Comment by Peter Mitrano on 2016-10-24:
Yea for sure. the ROS thing are just heavy wrappers of the existing PID functionality in all gazebo joints. The easiest way (in my opinion) is to send gazebo::msgs::JointCmd. Fill out the joint name, PID, and target and it will just work. You say matlab... gazebo plugins must be C++, and you need C++ to send gazebo msgs. But assuming you can get some C++ going somewhere then it shouldn't be hard.

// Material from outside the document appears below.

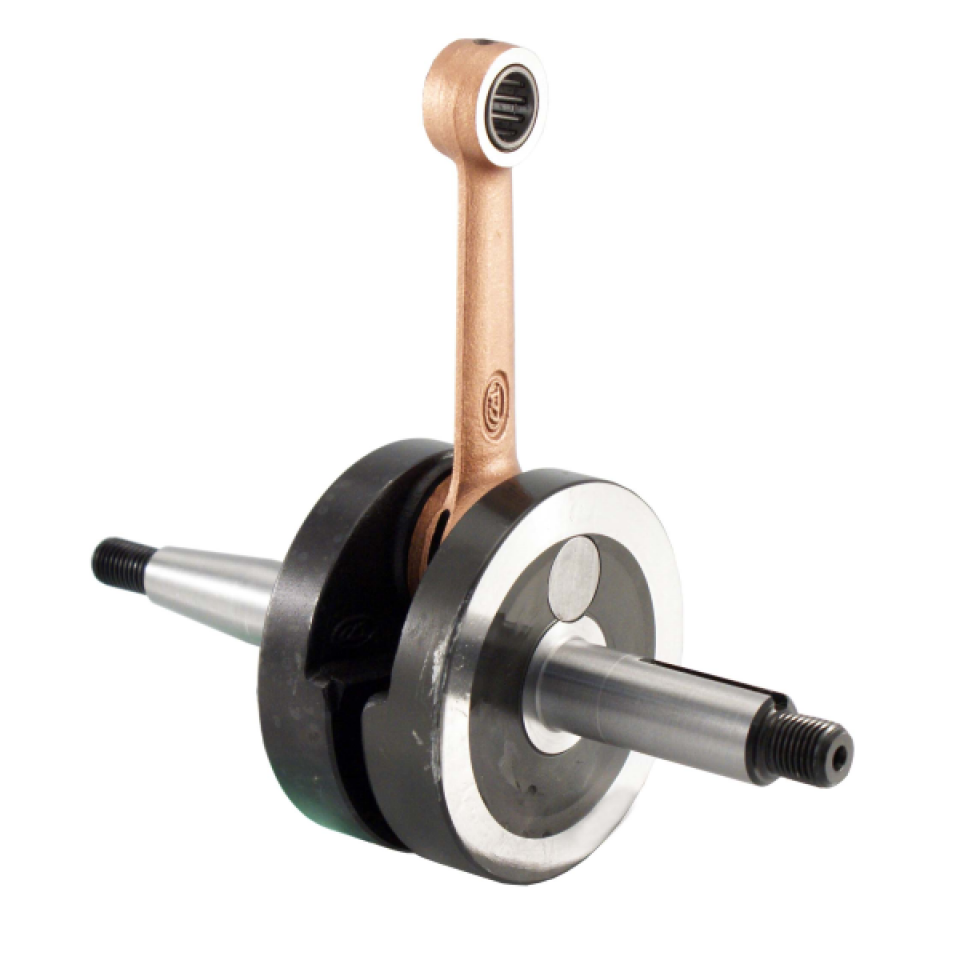 Vilebrequin d embiellage RMS pour Solex Neuf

Comment by Peter Mitrano on 2016-10-24:
Also, one thing to help with the free-fall thing is damping. Try setting damping (try things between 1-20 depending on how heavy your links are). I sometimes just set damping really high to simulate joints where the motor doesn't backdrive easily, but that isn't really an accurate way of doing it

Comment by Francis123 on 2016-10-24:
Ok, looking through the tutorials for control model plugins in Gazebo (http://gazebosim.org/tutorials?tut=guided_i5) I do not see a use case for gazebo::msgs::JointCmd. But can I assume that if I create a Gazebo node (in c++) to publish commands using that message type I do not have to write a gazebo control plugin in c++? For the Matlab side there is a way to convert the functions into c++ programs so the torque outputs can be handled by the gazebo control plugin.

Comment by Peter Mitrano on 2016-10-25:
correct. The PID interface is already build in for all joints in gazebo. As long as you publish that message it will work. the joint panel hiding on the right side of gazebo uses the same thing. check /gazebo/default/my_model/joint_cmd.